The damages found by the verdict must therefore be reduced by the amount of this charge, which may be ascertained by reference to the judge's note; or there must be a new execution of the writ.

Rule absolute for reduction as above.1

"Now, my Lords, there was a technical rule in the English courts in these matters. When something that was part of the realty (we are talking of coal in this particular case) is severed from the realty and converted into a chattel, then instantly on its becoming a chattel, it becomes the property of the person who had been the owner of the fee in the land whilst it remained a portion of the land; and then in estimating the damages against a person who had carried away that chattel, it was considered and decided that the owner of the fee was to be paid the value of the chattel at the time when it was converted, and it would in fact have been improper, as qualifying his own wrong, to allow the wrongdoer anything for that mischief which he had done, or for that expense which he had incurred in converting the piece of rock into a chattel, which he had no business to do.
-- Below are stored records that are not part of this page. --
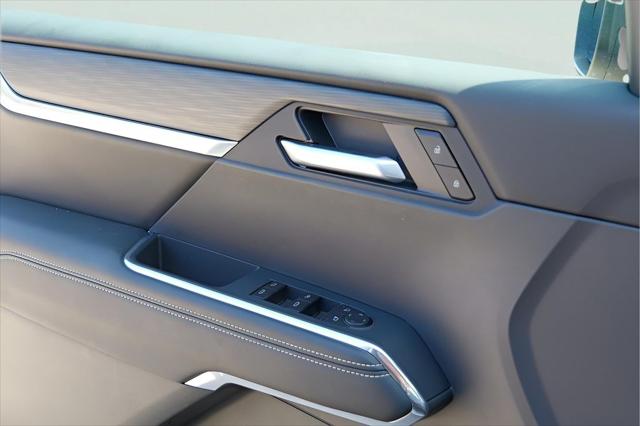 2026 GMC Acadia FWD Elevation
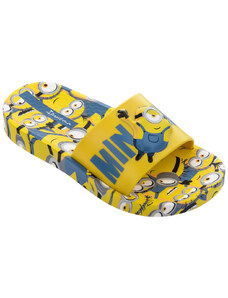 Ipanema Minions Slide Kids gyerek papucs - sárga/kék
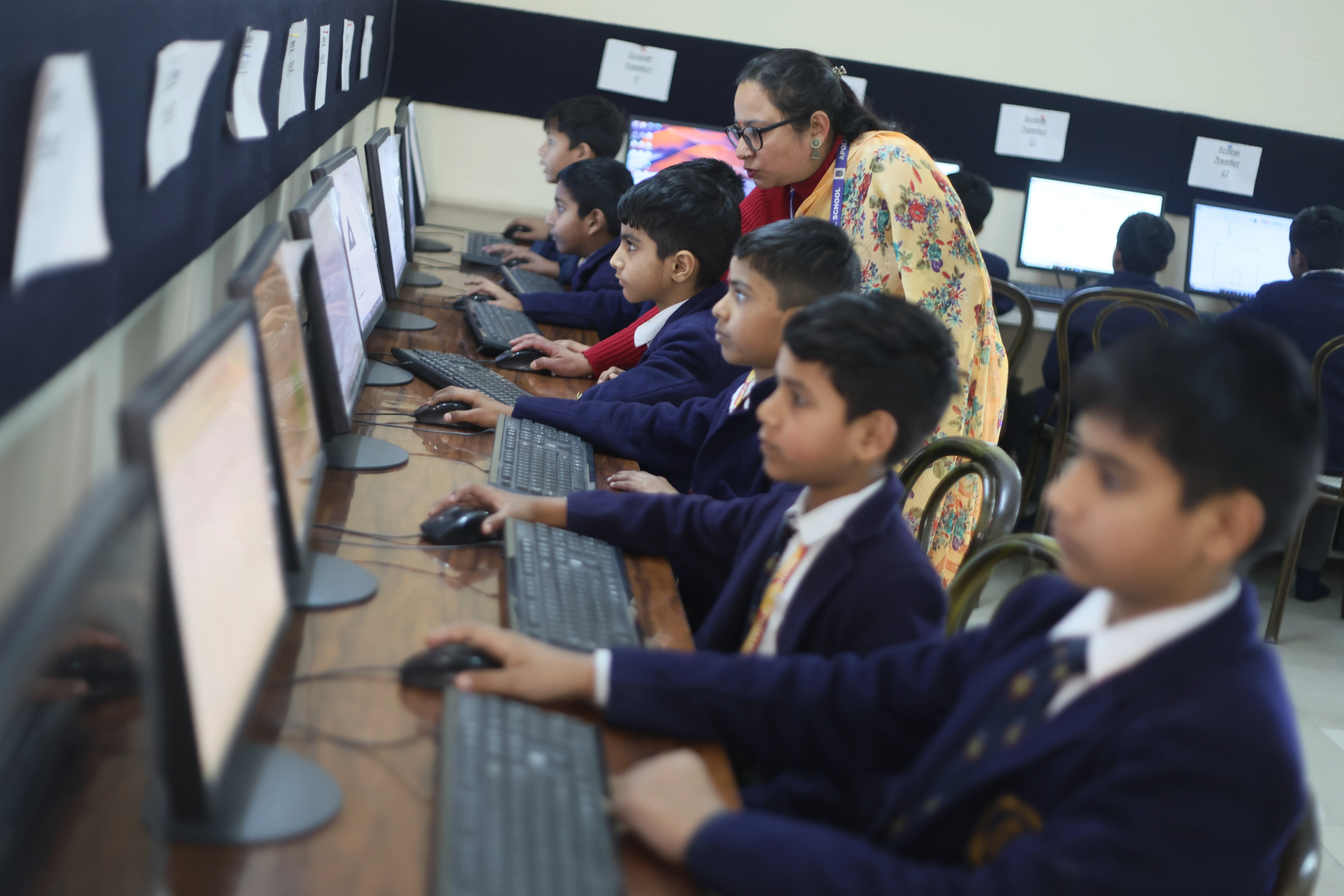 CBSE Academics at Apollo International School Dehradun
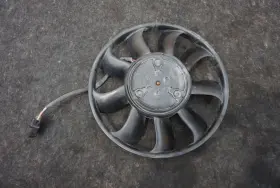8w0959455p Audi Front Radiator Electric Cooling Fan With Motor Oem Q7 4m 2017-23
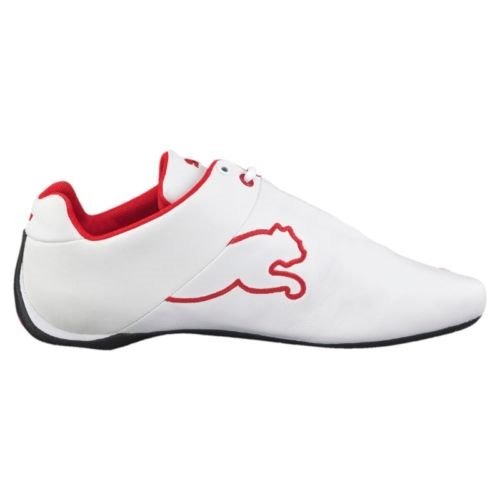 puma ferrari blancos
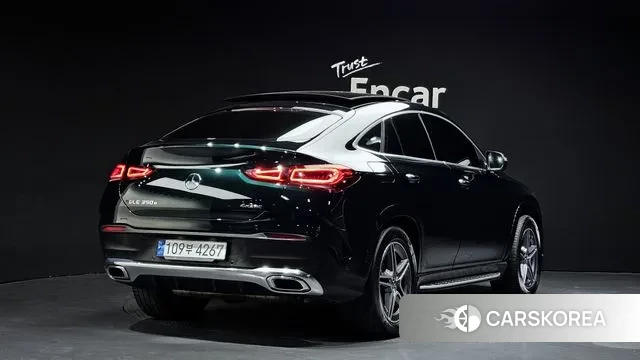 Mercedes-Benz GLE-Class W167 id 3606572 из Кореи 12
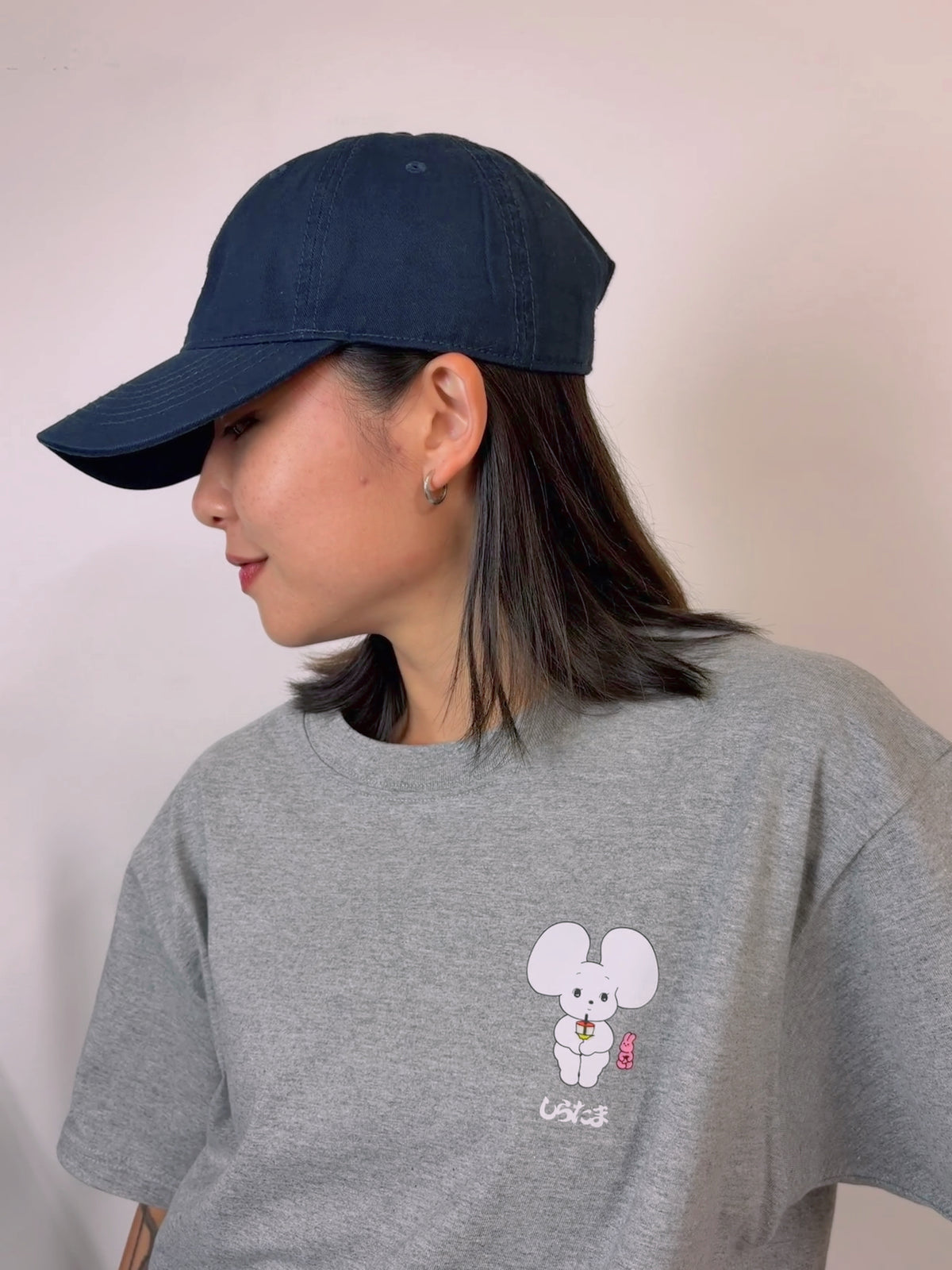 TOGETHER® x Yuri Ichimura T-shirt | IP2006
"Such was the rule of the common law. Whether or not that was a judicious rule at any time I do not take upon myself to say; but a long while ago (and when I say a long while I mean twenty-five years ago) Mr. Baron Parke put this qualification on it, as far as I am aware for the first time. He said, If however the wrongdoer has taken it perfectly innocently and ignorantly, without any negligence and so forth, and if the jury, in estimating the damages, are convinced of that, then you should consider the mischief that has been really done to the plaintiff who lost it whilst it was part of the rock, and therefore you should not consider its value when it had been turned into a piece of coal after it had been severed from the rock, but you should treat it at what would have been a fair price if the wrongdoer had bought it whilst it was yet a portion of the land as you would buy a coal-field. Wood v. Morewood, 4 Q. B. n. 440. That was the rule to be applied where it was an innocent person that did the wrong; that rule was followed in the case of Jegon v. Vivian, Law Rep. 6 Ch. 742, which has been so much mentioned; it was followed in the Court of Chancery, and, so far as I know, it has never been questioned since, that where there is an innocent wrongdoing the point that is to be made out for the damages is, as was expressed in the minutes of the decree : "The defendants to be charged with the fair value of such coal and other minerals at the same rate as if the mines had been purchased by the defendants at the fair market value of the district;' that I understand to mean as if the mines had been purchased while the minerals were yet part of the soil." Per LORD BLACKBURN, in Livingstone v. Rawyard Coal Co., 5 App. Cas. 25, 39.